The dissent asserts that this opinion conflates the Free Exercise Clause and the Establishment Clause in its First Amendment analysis. See, e.g., dissent, ¶ 135. In particular, the dissent cites the use of Serbian Eastern Orthodox Diocese for the United States of America and Canada v. Milivojevich, 426 U.S. 696 (1976), as an example of such conflation, claiming that case is "a classic Establishment Clause case." Dissent, ¶ 136 n.ll. However, the dissent is mistaken; Serbian Eastern Orthodox Diocese is a Free Exercise case. This interpretation is shared by the following opinions, all of which cite Serbian Eastern Orthodox Diocese as a Free Exercise case: Petruska v. Gannon University, 462 F.3d 294, 306 (3d Cir. 2006); Minker v. Baltimore Annual Conference of United Methodist Church, 894 F.2d 1354, 1359-60 (D.C. Cir. 1990); Rayburn v. General Conference of Seventh-Day Adventists, 772 F.2d 1164, 1167-68 (4th Cir. 1985).
The dissent attempts to set aside the conclusions of Petruska, Rayburn and Minker that cite Serbian Eastern Orthodox Diocese as support for discussion of the Free Exercise Clause of the First Amendment. Dissent, ¶ 136 n.ll. It does so by quoting articles that generally discuss First Amendment cases without analyzing a case or controversy as court decisions do. Id. Scholarly discussions are always of interest, but they do not address First Amendment principles in the context of a case or controversy, as judicial opinions do.
Were DeBruin seeking contract damages for past services provided, her claim would be much like the corner grocer who delivers food to a parish, sends a bill and remains unpaid for that which he has provided. Court adjudication of that type of breach of contract claim would not run afoul of the First Amendment because it would not require a court to examine the ecclesiastical decision to terminate a ministerial employee.

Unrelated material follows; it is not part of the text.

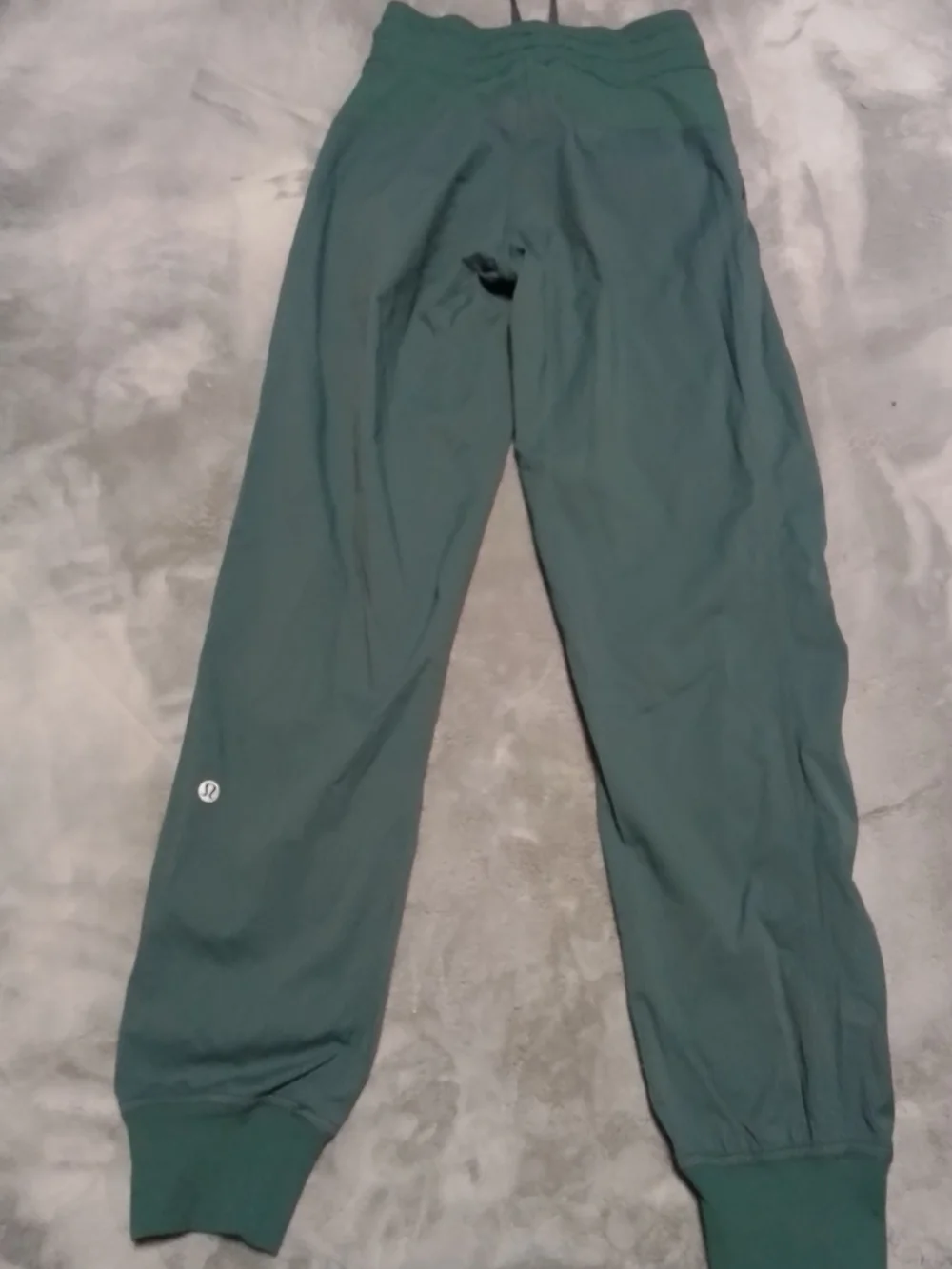 lululemon athletica Womèn's Teal Drawcord Joggers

We acknowledge there are matters for which a religious institution may contract that would be appropriate to enforce in the courts. See, e.g., Jones v. Wolf, 443 U.S. 595, 602-04 (1979) (concluding that courts may dispose of cases involving property belonging to religious institutions on the basis of "neutral principles of law" if the judicial inquiry can be conducted in exclusively secular terms). However, the Jones approach has never been employed in cases where a minister was terminated. Furthermore, Hosanna-Tabor reaffirmed that the "neutral principles" language from Jones applies to the "regulation of only outward physical acts," not to "government interference with an internal church decision that affects the faith and mission of the church itself." Hosanna-Tabor, 132 S. Ct. at 707. That conclusion is consistent with Coulee, which concluded that the plaintiffs claim was barred despite the contention that neutral and generally applicable employment laws could have settled the dispute. Coulee, 320 Wis. 2d 275, ¶ 3, 39 n.13.
Dissent, ¶ 122.
Some cases imply that a religious institution may waive its right to challenge civil court determinations of disputes for which the First Amendment would otherwise preclude judicial intervention. See Alicea v. New Brunswick Theological Seminary, 608 A.2d 218, 224 (N.J. 1992). Although waiver is not at issue here, it is important to note that both the Establishment Clause and the Free Exercise Clause of the First Amendment encompass societal interests as well as personal protections.